## Data extracts
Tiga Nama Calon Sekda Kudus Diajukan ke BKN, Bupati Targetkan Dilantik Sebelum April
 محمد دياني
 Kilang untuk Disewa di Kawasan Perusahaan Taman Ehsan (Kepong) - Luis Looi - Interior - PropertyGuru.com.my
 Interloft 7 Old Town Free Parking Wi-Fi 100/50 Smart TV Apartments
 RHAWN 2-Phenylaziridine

## Problem details
Repeat the records above in full, character for character.

## Output for this exercise
Tiga Nama Calon Sekda Kudus Diajukan ke BKN, Bupati Targetkan Dilantik Sebelum April
 محمد دياني
 Kilang untuk Disewa di Kawasan Perusahaan Taman Ehsan (Kepong) - Luis Looi - Interior - PropertyGuru.com.my
 Interloft 7 Old Town Free Parking Wi-Fi 100/50 Smart TV Apartments
 RHAWN 2-Phenylaziridine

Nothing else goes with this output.